- Born: May 11, 1952 (age 72) Edmonton, Alberta, Canada
- Other names: Robert Kenneth Baker
- Occupation: Theatre Director (Retired)
- Years active: 1974–2018
- Known for: Artistic Director Citadel Theatre
- Partner(s): Tom Wood (Actor, Playwright)

= Bob Baker (director) =

Canadian theatre director

Robert Kenneth Baker (born May 11, 1952) is a retired Canadian theatre director most known for his work as the artistic director of the Citadel Theatre in Edmonton, Alberta, from 1998 to 2016.
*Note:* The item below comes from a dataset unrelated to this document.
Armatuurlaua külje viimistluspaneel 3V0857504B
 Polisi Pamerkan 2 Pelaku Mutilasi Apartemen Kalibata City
== Early life and education ==
Born and raised in Edmonton, Alberta, Baker completed his bachelor of fine arts degree in theatre at University of Alberta in 1974.

== Career ==
In 1972, during his undergraduate studies Baker co-founded Alberta Barter Theatre in 1972. He worked at the Stratford Festival in Stratford, Ontario, from 1974 to 1979. Baker returned to Edmonton in 1982 as the artistic director of Phoenix Theatre. While there, he guided the company towards contemporary works featuring social commentary and a strong visual element, both of which still characterize his work.

===Canadian Stage Company ===
In 1990, Baker became the artistic director of Canadian Stage. While there Baker directed Into the Woods by Stephen Sondheim. In 1997, he directed the entire seven-hour Tony Kushner epic Angels in America.

===Citadel Theatre ===
In 1998, Baker moved back to Edmonton to become the 12th artistic director of the Citadel Theatre. He would serve as the artistic director from 1999 until 2016, becoming the longest serving AD of the company. One of Baker's most lasting impacts was the direction of a new adaptation of the Charles Dickens holiday classic A Christmas Carol written by Baker's partner Tom Wood. This production was one of the Citadel Theatre's most ambitious. Playwright Tom Wood would also play the role of Ebenezer Scrooge. The production involved a large cast that included over a dozen youth performers. Baker and Wood's adaptation would become an Edmonton holiday tradition, lasting 19 years. During his tenure at the Citadel Theatre, the company developed several unique programs supporting artists, these included the Foote Theatre School and the Robbins Academy. Baker also oversaw the development of an advanced training program for theatre professionals at the Banff Centre for Arts and Creativity.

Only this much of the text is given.